Ultimately, the Box team decided on MacStadium for their iOS and Mac development needs. They were able to migrate their CI workflow to a secure private cloud built with genuine Mac Pro hardware running on VMware and connected to super-fast SAN storage.
Mac CI in the Cloud
Given the nature of the service they provide, building and releasing quality apps at a rapid pace is essential to Box’s success. Using their MacStadium private cloud, Box engineers created a lightning-fast platform for creating ephemeral virtual machines as the backbone of their CI workflow. Ephemeral — or single-use — VMs are identical for each build to create a consistent, reliable build.
“We use Jenkins as our CI platform, and we use the VMware vSphere Jenkins plug-in, which allows us to do some cool things. Specifically, it gives us one-time-use build VMs,” said Sennewald. “We use Terraform to build out our VMs, so infrastructure is code. With a little bit of scripting we add those as nodes to Jenkins and then using the plug-in, we can allow the VMs to revert back to a snapshot after every build.”

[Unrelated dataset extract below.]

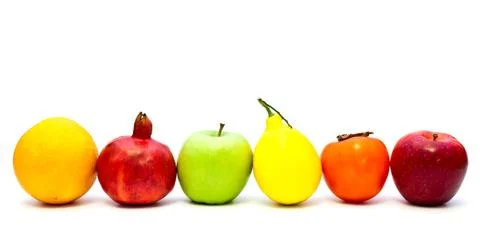 Fruits in a row on a white background Stock Photos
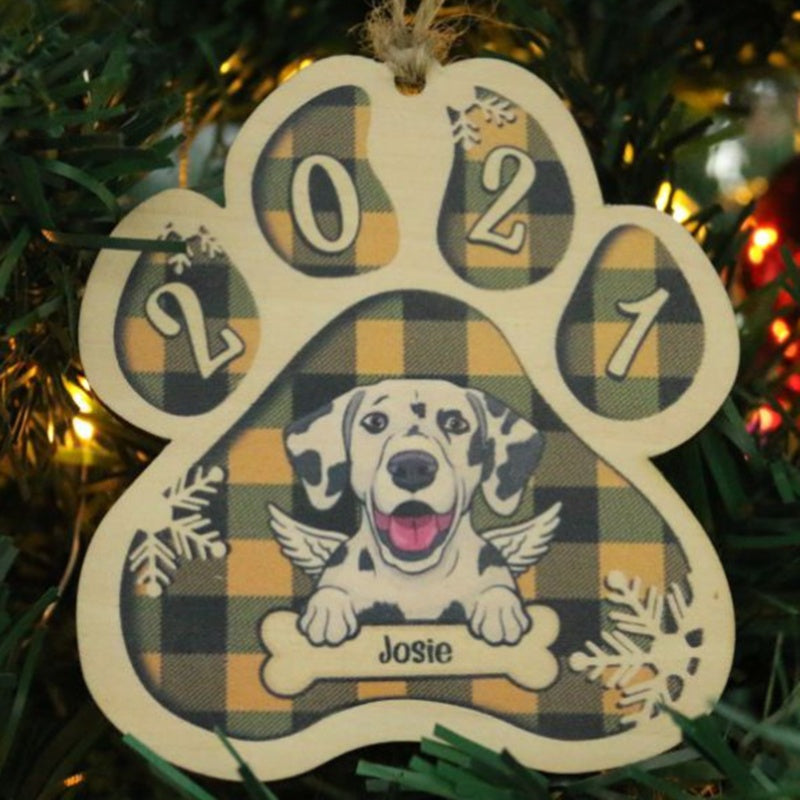 Ciondolo in legno colorato zampa di cane decorazione fai da te per albero di Natale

We wanted to have a clean environment for every build, for every developer, because otherwise you’re just going to run into problems.
“It gives us container-like functionality but for macOS, and that’s something we wanted to have at Box,” said Sennewald. “We wanted to have a clean environment for every build, for every developer, because otherwise you’re just going to run into problems.”
Impact on Box
After moving to MacStadium, the Box team realized immediate value by not having Mac hardware under their desks or in the back of a closet. The application engineering team created a CI workflow that allowed their iOS and Mac developers to access clean VMs powering their continuous integration pipeline. Recently, Box upgraded from vSphere 6.0 to 6.5 and replaced an old disk-based SAN with an all-flash Pure Storage SAN array. This is when they began to see radical changes in their performance.

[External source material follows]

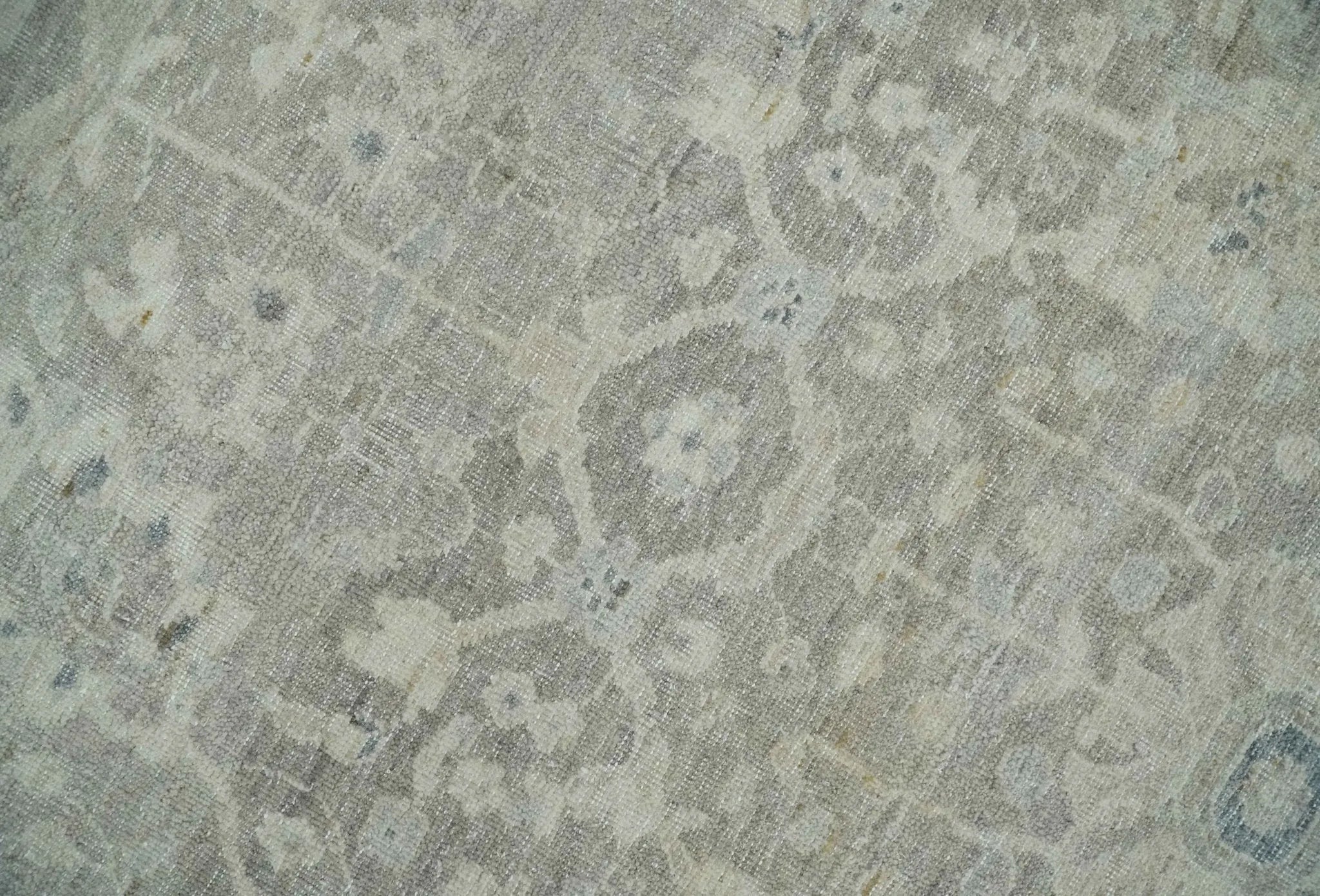 Beige and Silver Custom Made Antique Style Distressed Finished Low Pile wool Area Rug - The Rug Decor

“We have around four templates, and we provision hundreds of VMs from those. On the old SAN and running an older version of vSphere, it would take us 20 to 30 minutes to clone one VM. Now, we were able to get that down to around 10 seconds,” said Sennewald. “We can re-provision our whole fleet of VMs in minutes now, which means we can accommodate changes a lot easier. This is huge for us. Previously we wouldn’t accommodate Xcode upgrades unless we absolutely had to. Developers would be at my door begging me, ‘Hey, can we get Xcode 9.2?’ Previously I’d say, ‘That’s going to take a lot of work.’ Now it’s a lot easier for us to say yes.”
“This is something we didn’t have before MacStadium. We used to manage these VMs manually,” continues Sennewald. “So, it has been integral for us as it allows us to ensure that we get clean builds for every VM.”
Since signing on with MacStadium, Box has been able to leverage a dedicated private cloud built on genuine Mac hardware to its full potential and speed up their CI pipeline. Using MacStadium infrastructure that combines Apple computers, VMware virtualization, and Pure Storage, Box was able to reduce the time it took to clone a virtual machine from 20-30 minutes down to about 10 seconds. This was important as Box wanted one-time-use VMs to ensure a clean environment for every build, for every developer. With VMware, the Box team is able to parallelize their functional tests and get results quickly, while having other VMs run Xcode builds as fast as possible.
Being completely honest, I want the easiest tool for the job. MacStadium can provide that to us utilizing VMware.
“This is pretty powerful. It’s something that we wouldn’t have the capability of doing if we were on bare metal hardware. Having an infrastructure provider like MacStadium is huge to us,” said Sennewald.